TASK OBJECTIVE:
Extract each line of the material that follows exactly and omit its pictures.

DATA:
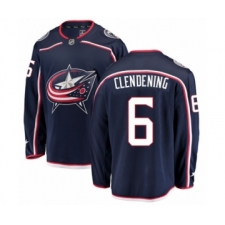 Men's Columbus Blue Jackets #6 Adam Clendening Authentic Navy Blue Home Fanatics Branded Breakaway NHL Jersey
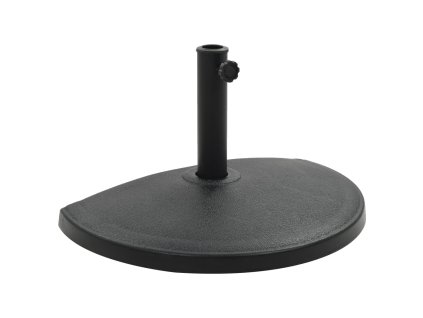 Stojan na slunečník polokruhový černý 15 kg polyresin 45199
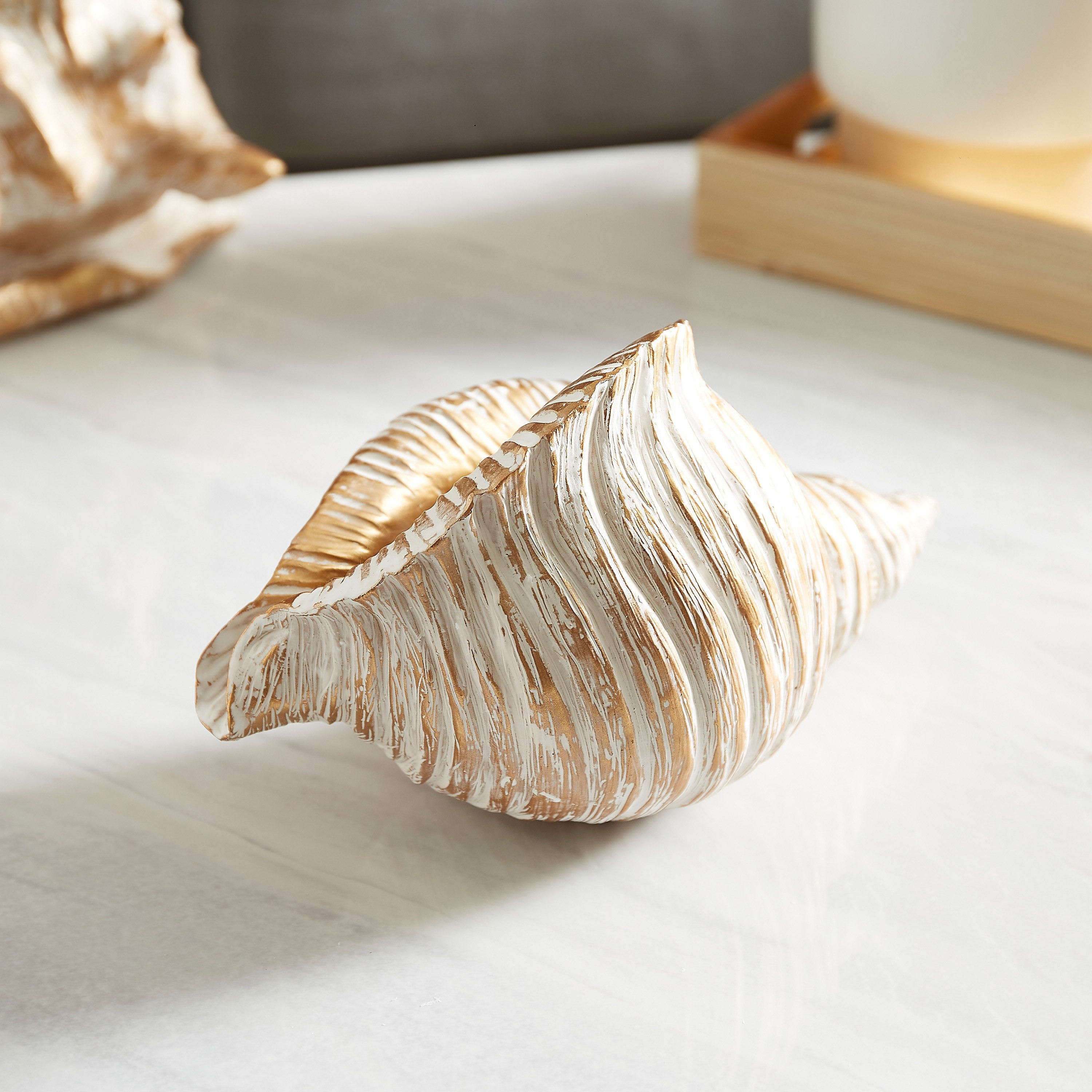 قطعة ديكور محارة بحرية بولي ريزين- 24.5x12.5x13 سم-hbxhomeware-homedecor-figurinesandornaments-image-2
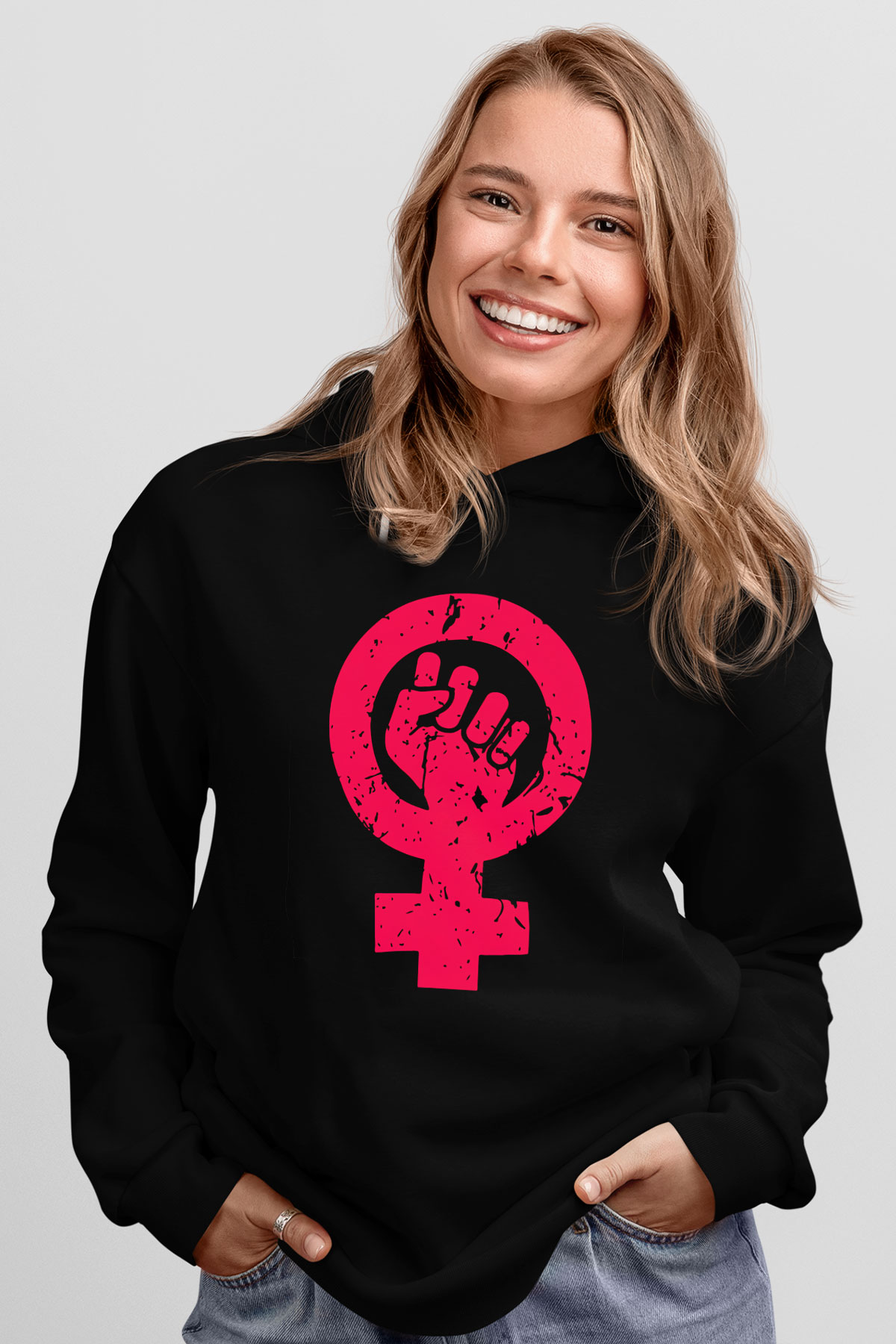 Dünya Kadınlar Günü Siyah Unisex Hoodie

SOLVED EXERCISE:
 Men's Columbus Blue Jackets #6 Adam Clendening Authentic Navy Blue Home Fanatics Branded Breakaway NHL Jersey
 Stojan na slunečník polokruhový černý 15 kg polyresin 45199
 قطعة ديكور محارة بحرية بولي ريزين- 24.5x12.5x13 سم-hbxhomeware-homedecor-figurinesandornaments-image-2
 Dünya Kadınlar Günü Siyah Unisex Hoodie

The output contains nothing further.